"Holland has always been a country where at least three cultures of Europe came together," says Geert Mak, a popular Dutch historian. "The southern part is the French culture. The Atlantic part is Great Britain and later America. And there's also the Scandinavian part in the north. We are really a mixture."
As we chat in the sunshine of a late-summer day, the proof of Mr. Mak's point lies all around us. We are in Friesland, the northernmost province of the Netherlands, where Mr. Mak has a summer home near the tiny village of Jorwerd, the now-famous subject of his first best-seller. To foreign eyes, Friesland is an endless sequence of quaint farmhouses, windmills, swans paddling in canals and flat green fields stretching off to a distant horizon: the perfect Dutch postcard.
And yet, in a sense, Friesland isn't Dutch. It is an ancient land with a people, history and identity quite different from those in the provinces to the south. It even has its own language. Children here learn Dutch as they do English -- from school and television.
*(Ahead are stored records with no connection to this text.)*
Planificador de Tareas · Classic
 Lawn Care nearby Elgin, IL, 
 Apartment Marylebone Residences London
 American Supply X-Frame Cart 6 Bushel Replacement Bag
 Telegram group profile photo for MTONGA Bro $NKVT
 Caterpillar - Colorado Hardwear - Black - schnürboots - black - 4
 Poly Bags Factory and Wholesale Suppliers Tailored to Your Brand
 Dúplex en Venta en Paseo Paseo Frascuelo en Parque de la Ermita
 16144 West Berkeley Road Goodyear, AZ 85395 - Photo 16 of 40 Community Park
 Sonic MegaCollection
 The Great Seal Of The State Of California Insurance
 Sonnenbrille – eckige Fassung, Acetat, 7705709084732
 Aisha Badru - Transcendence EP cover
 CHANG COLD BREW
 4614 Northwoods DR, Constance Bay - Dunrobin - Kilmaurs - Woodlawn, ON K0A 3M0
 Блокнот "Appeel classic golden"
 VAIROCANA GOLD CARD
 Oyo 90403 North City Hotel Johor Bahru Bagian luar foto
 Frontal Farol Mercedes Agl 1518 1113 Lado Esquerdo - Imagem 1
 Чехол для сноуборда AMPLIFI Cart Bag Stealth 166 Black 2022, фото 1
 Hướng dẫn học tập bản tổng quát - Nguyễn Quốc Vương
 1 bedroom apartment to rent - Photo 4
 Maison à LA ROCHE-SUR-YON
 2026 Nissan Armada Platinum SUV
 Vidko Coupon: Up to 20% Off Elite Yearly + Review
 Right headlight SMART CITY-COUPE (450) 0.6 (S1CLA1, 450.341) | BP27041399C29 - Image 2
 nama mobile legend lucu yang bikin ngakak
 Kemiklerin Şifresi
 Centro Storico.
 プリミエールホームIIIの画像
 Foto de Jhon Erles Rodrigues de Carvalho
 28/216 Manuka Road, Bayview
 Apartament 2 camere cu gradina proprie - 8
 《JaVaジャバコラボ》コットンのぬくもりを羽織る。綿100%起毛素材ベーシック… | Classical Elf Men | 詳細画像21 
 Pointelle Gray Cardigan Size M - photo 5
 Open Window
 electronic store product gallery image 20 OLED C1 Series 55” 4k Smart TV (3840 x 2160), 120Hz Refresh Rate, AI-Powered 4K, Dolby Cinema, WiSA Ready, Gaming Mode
Divided by culture and language, the Dutch have also been separated for centuries by faith.
The Protestant Reformation brought Calvinism to the Netherlands and left the country close to evenly divided between Protestants and Catholics. Elsewhere in Europe, this division meant endless civil war. Not so in Holland. Instead, Dutch Calvinists and Catholics came to an understanding: Each side knew God would ultimately cast the other into the fiery torments of hell -- just what the infidels deserve -- but in this life, people should go about their business.
And business, more than any other factor, is the key to understanding why the Dutch chose peaceful co-existence over the endless hate, murder and war that prevailed elsewhere on the continent during the 16th century.
"It was not because we were such nice people," laughs Mr. Mak. "It was a country very oriented to business. And when some guy from the Ottoman empire comes and wants to trade, you cannot put him on the stake because he is a Muslim. It's very bad for business."
Thanks to this tradition of pragmatic tolerance, Amsterdam became a haven for persecuted intellectuals and despised minorities. It is no accident that Amsterdam is where Baruch Spinoza -- the son of Jewish refugees from Spain -- fashioned some of the earliest and most influential arguments in support of tolerance and diversity.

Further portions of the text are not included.